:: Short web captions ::

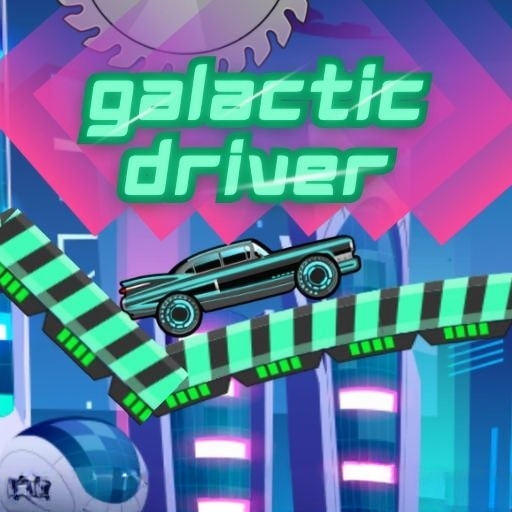 Galactic Driver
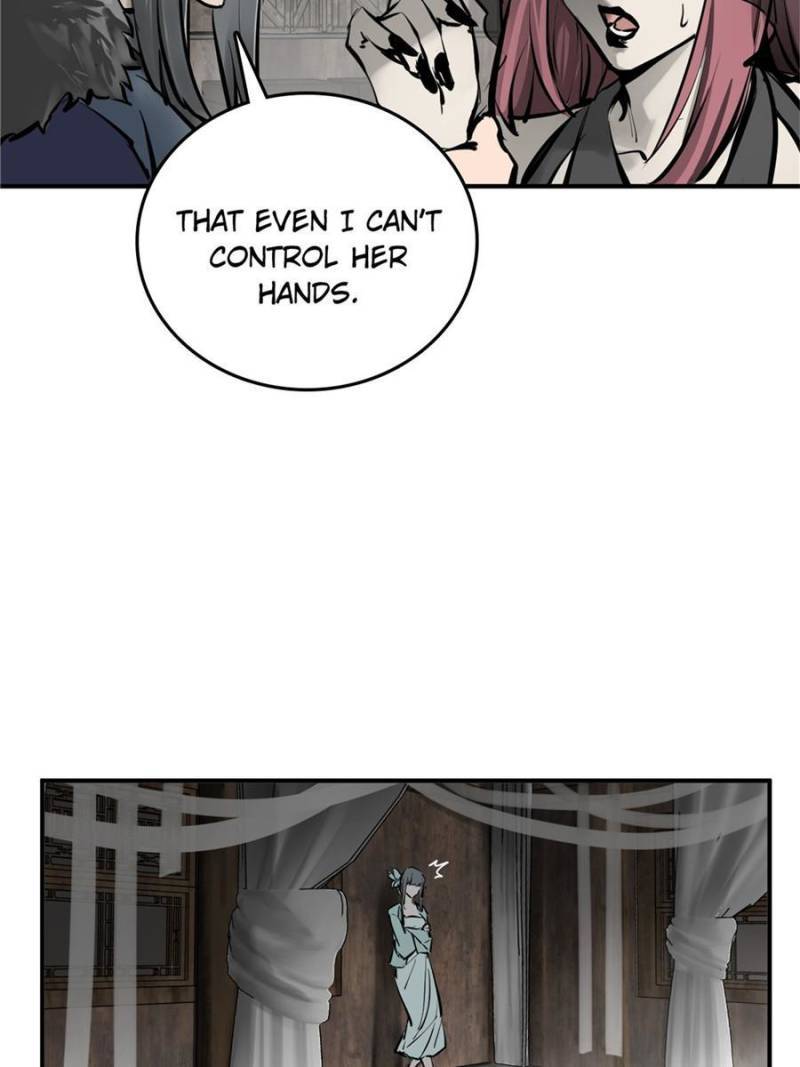 Another beginning with the Guhuo bird chapter 186 page 73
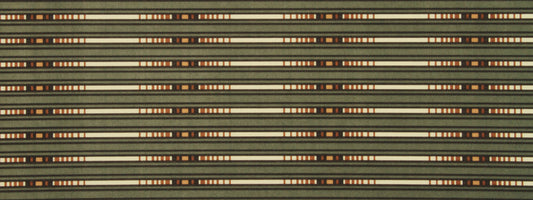 Robert Allen Contract Legend Louvers | 492-Warm Stone  Print     - 233057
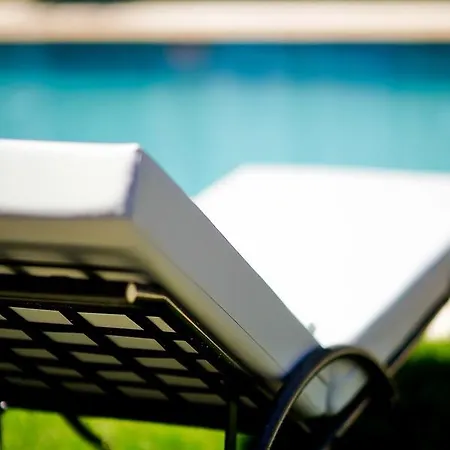 Avalon Boutique & Hotel Alaçatı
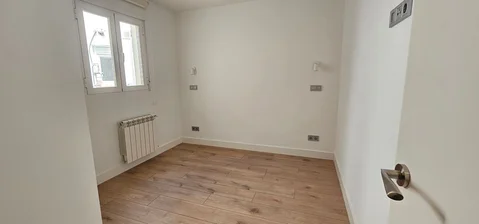 Piso en calle de Bravo Murillo, 294 - Foto 7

:: What needs to be done ::
Transcribe exactly the lines from the one containing "Robert Allen Contract" through the last line of the records above, and nothing else. Leave out the pictures.

:: Solution to this problem ::
 Robert Allen Contract Legend Louvers | 492-Warm Stone  Print     - 233057
 Avalon Boutique & Hotel Alaçatı
 Piso en calle de Bravo Murillo, 294 - Foto 7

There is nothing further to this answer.